Only when given a reason to dispute them. Considering Rayleigh's personality, I don't believe he's the type to exaggerate or overplay his own strength.

If Ray believes he could have handled Kizaru and Kuma, I wouldn't doubt him. He's the former first mate of the pirate king, feats such as these should be well within his hype.


----------



## tanman (Apr 18, 2013)

CM Pinkie said:


> So Old BB/Kidd/LLaw Are stronger than prime Zolo



Blackbeard is obviously the only one of those comparisons that even comes close to working, assuming Blackbeard maintained a constant rivalry with Luffy until Luffy's death and held his world's strongest man title well into his old age.

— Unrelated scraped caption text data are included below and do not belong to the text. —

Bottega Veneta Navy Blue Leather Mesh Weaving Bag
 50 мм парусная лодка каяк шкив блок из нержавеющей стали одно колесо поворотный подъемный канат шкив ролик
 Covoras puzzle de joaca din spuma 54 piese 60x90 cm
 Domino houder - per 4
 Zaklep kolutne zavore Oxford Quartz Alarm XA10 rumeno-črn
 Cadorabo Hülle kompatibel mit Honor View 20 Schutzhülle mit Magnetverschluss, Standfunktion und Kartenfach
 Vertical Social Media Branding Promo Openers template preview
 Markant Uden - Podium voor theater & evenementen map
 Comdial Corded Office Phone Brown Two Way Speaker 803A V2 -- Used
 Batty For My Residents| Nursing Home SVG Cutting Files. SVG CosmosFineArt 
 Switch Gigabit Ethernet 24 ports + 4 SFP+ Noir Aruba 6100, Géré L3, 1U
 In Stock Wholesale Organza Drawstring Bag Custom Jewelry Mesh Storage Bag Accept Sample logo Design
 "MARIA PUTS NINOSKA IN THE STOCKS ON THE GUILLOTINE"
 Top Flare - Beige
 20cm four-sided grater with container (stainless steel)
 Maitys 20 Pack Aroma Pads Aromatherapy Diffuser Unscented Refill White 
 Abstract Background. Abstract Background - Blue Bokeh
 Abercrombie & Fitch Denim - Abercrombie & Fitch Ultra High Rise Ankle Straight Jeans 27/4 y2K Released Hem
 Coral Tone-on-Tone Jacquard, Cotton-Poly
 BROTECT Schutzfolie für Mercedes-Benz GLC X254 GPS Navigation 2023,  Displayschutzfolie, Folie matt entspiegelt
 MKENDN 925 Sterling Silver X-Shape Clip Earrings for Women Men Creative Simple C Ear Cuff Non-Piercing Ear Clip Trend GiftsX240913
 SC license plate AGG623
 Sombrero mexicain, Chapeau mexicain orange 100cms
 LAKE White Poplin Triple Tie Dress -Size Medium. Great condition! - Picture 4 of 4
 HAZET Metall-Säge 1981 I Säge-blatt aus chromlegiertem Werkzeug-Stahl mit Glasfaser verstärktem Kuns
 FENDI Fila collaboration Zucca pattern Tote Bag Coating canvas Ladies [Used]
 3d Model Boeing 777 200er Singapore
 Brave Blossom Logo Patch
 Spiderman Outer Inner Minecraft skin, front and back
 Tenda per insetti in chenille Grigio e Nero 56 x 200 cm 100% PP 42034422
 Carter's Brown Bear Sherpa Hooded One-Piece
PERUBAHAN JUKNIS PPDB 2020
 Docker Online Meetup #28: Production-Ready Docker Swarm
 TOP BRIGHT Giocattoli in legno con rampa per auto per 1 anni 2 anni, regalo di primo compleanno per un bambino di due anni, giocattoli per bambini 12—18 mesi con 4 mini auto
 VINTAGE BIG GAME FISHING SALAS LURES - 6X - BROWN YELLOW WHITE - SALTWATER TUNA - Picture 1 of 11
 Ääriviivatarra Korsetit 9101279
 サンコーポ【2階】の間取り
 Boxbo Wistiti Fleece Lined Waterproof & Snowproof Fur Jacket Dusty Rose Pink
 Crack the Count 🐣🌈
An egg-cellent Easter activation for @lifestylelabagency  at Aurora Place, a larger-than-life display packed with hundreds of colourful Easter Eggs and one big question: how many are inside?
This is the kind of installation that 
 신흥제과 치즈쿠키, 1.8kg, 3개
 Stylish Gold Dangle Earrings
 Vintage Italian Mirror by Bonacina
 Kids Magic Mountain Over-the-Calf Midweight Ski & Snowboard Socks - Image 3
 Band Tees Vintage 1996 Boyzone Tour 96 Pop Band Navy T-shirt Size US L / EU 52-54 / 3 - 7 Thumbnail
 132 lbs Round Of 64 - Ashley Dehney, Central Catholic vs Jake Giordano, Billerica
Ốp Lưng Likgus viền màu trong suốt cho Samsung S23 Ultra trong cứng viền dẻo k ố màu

(sometimes the manga can't just be reduced to parallels)


----------



## Harard (Apr 18, 2013)

I'm giving this to Whitebeard. I think people are a little too caught up with this old generation thing.


----------



## Sablés (Apr 18, 2013)

Whitebeard's power lies mainly with his DF and I doubt that power got weaker with age.

I see him beating Ray with high-diff


----------



## Lawliet (Apr 18, 2013)

Coruscation said:


> People shouldn't be so sure Whitebeard will have a heart attack. He had been off his medications for quite a while and had taken Squardo's stab which caused him to go from looking totally fine to sweating floods and bleeding constantly. This is a non stabbed WB who presumably doesn't need to stand and wait for hours without the medicine that keeps him in as good health as possible. It won't make a difference for his strength but definitely for his health. If it was true that he'd be getting heart attacks left and right when fighting strong people he wouldn't have been the world's strongest man. We were clearly supposed to understand that things had gotten really bad for him to drop like that mid battle.



Old WB will probably have a heart attack fighting Prime Rayleigh whether he was stabbed by Squardo or not. And I think we're talking about the same WB in MF, not the one who was still Old, but taking his medication everyday...etc  I'd still give it to Rayleigh in both cases. Old is Old. Old people can't keep up with the young ones. If he tried pushing himself and keeping with someone like Prime Rayleigh, he will get a heart attack for sure. And I'm pretty sure Rayleigh will give Old WB the same stab Squardo gave him , more or less.  We're talking about Prime Rayleigh here, no matter how strong Old WB is. I don't think he can win against Prime Rayleigh, Roger's right hand. I'm not saying Rayleigh is winning this fight easily, it will be really hard, but I don't see WB winning this.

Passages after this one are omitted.